One morning, as Drizzt finished his meal and prepared for bed, his long-dormant roommate plodded out of the side chamber, noticeably more slender but still quite formidable. Drizzt watched the ambling bear carefully, wondering if he should summon Guenhwyvar or draw his scimitar. The bear paid him no heed, though. It shuffled right by him, stopped to sniff at and then lick the flat stone Drizzt had used as a plate, and then ambled out into the warm sunlight, stopping at the cave exit to give a yawn and a stretch so profound that Drizzt understood that its winter nap was at an end. Drizzt understood, too, that the cave would grow crowded very quickly with the dangerous animal up and about, and he decided that perhaps, with the more hospitable weather, the cave might not be worth fighting for.

Drizzt was gone before the bear returned, but, to the bear’s delight, he had left one final fish meal. Soon Drizzt was setting up in a more shallow and less protected cave a few hundred yards down the valley wall.

12. To Know Your Enemies

Winter gave way as quickly as it had come. The snows lessened daily and the southern wind brought air that had no chill. Drizzt soon settled into a comfortable routine; the biggest problem he faced was the daytime glare of the sun off the still snow-covered ground. The drow had adapted quite well to the sun in his first few months on the surface, moving about—even fighting—in the daylight. Now, though, with the white snow throwing the glaring reflection back in his face, Drizzt could hardly venture out.
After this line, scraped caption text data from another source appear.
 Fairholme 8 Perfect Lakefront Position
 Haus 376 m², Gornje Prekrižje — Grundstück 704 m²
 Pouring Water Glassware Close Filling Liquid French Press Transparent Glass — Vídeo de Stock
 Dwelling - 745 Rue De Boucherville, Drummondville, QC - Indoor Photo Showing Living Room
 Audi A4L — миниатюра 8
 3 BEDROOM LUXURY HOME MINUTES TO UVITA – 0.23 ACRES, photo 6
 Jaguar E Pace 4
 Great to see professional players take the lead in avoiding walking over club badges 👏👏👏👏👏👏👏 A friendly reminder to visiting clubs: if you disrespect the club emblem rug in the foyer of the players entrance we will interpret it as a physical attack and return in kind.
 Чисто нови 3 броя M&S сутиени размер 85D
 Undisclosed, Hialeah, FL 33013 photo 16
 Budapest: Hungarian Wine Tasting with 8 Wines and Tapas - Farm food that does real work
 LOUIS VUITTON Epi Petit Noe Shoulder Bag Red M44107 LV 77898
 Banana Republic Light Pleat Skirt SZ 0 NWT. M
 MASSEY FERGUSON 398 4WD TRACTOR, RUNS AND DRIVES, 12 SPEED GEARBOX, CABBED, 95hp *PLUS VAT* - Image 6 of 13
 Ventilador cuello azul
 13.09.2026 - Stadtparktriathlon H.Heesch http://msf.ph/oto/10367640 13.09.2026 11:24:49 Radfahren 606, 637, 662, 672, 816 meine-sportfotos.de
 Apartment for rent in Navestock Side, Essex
He came out only at night and left the daytime to the bear and other such creatures. Drizzt was not too concerned; the snow would be gone soon, he believed, and he could return to the easy life that had marked the last days before winter.

Well fed, well rested, and under the soft light of a shining, alluring moon one night, Drizzt glanced across the river, to the far wall of the valley.

“What is up there?” the drow whispered to himself. Although the river ran strong with the spring melt, earlier that night Drizzt had found a possible way across it, a series of large and closely spaced rocks poking up above the rushing water.